Thin line for SIPP providers when assessing investments
When assessing which investments to accept, a SIPP provider needs a clear and structured process from which it must not deviate, warns Martin Tilley, director of Technical Services, Dentons Pension Management
At a recent industry seminar, John Moret quoted estimated numbers of SIPPs currently in existence of 1.5 million and tried to break this number down further between platform based SIPPs and those more commonly known as full or bespoke SIPPs. This has become far more difficult as there are now hybrids that blur the definitions and subsequent speakers went on to question “how full can a full SIPP be?”

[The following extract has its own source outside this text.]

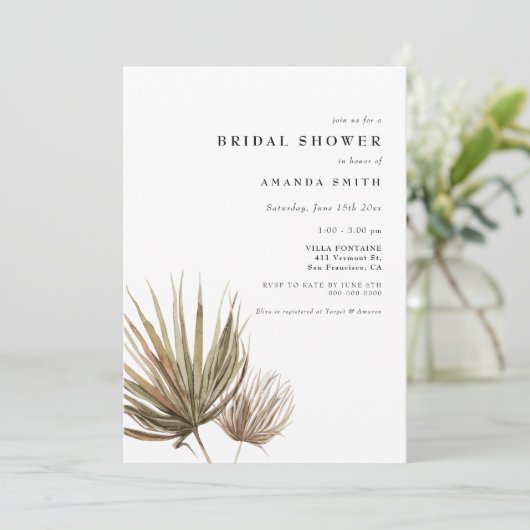 Getrocknetes Palmblätterwüste Modernes Boho Brautp Einladung (Stehend Vorderseite)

The last and most damning thematic review by the FCA, the regulator of the SIPP market, concluded that “most SIPP operators failed to undertake adequate due diligence on high-risk, speculative and non-standard investments”. Also, that SIPP providers must “have adequate procedures in place to assess these investments.”
The onus of the quality of the SIPP book is now firmly placed on the SIPP operator and I would imagine that each and every one, therefore, has reviewed their business model and implemented action accordingly. For some, this action has been to exit the market, either by way of business sale or by retraction to a far more basic proposition.
Others will no longer accept certain types of asset class, which they previously had, or will limit the scope of their acceptances, perhaps in the matters of commercial property and unquoted shares to UK domiciled arrangements where the ability to obtain the data necessary to undertake the levels of due diligence now required is easier. Central to their processes and procedures must be whether holding the proposed investment within their book is in the best interests, not only of their clients, but also for themselves.
Subjectivity in decision-making
One of the problems each SIPP operator will face is the degree to which a subjective view is required on given investments. For acceptance decisions to be made there must be a clear process and “lines in the sand.” Some investments will clearly be either one side of the line or the other and can be accepted or declined accordingly but there will also be a number which, through interpretation of facts could fall either side. It is here that the SIPP operator must rely upon the expertise and experience of its staff to make a judgement call.
Sadly, these investments are the ones that require the most due diligence as the decision to either accept or decline must be recorded and evidenced in detail so that, should for any reason that decision need to be examined in the future, the exact process on which that decision was made will be clear. Also by their very nature it is these types of proposed investments that will use up the most time and resource.
Each SIPP operator will impose their own criteria to avoid as far as is possible too many subjective decisions. When assessing for example whether a loan to an unconnected party might be legitimate or potentially a scam or liberation exercise the SIPP operator might impose a minimum period for which the company has been trading of two or three years. A similar period might be imposed for unquoted equity where similar concerns might apply. Meeting these criteria of course does not imply acceptance but simply one stage of the process having been met.
The unfortunate consequence of this approach is that wherever the line is drawn, potentially there will be perfectly good prospective investments falling just the wrong side and these will be declined. This is the necessity of maintaining a clear and structured process and not deviating from it based on subjective decisions, which again may open the client and the SIPP operator to risk. We believe this is what the regulator requires for the operator to meet the COBS and TCF rules.
Aligned to this must be the consideration of cost. Some investments will require significant investment of time and resources. What must also be considered is the likely prospect of the investment being accepted and thus the case being able to proceed and the operator being able to recoup its initial up-front expense.
For the majority of cases, this due diligence on investment will take place before the SIPP has even been created as it is a matter of good practice not to accept a client until it can be established that the proposed investment can be accommodated.
SIPP operators have therefore developed data collection sheets for non standard or more esoteric investments to help advisers collect themselves the information that will be necessary for a timely decision to be made.
Unfortunately, these can be long and detailed and themselves put an onus on the adviser to collect the data directly from the investment provider or from their client. A recent enquiry from an adviser in connection with a potential investment into intellectual property was terminated with the quote “Well if you are going to make it that difficult, you simply don’t want the business do you?”
It seems that unfortunately, a SIPP operator might be damned if they do accept certain investments by the regulator or ombudsman or damned by the intermediary or client if they don’t.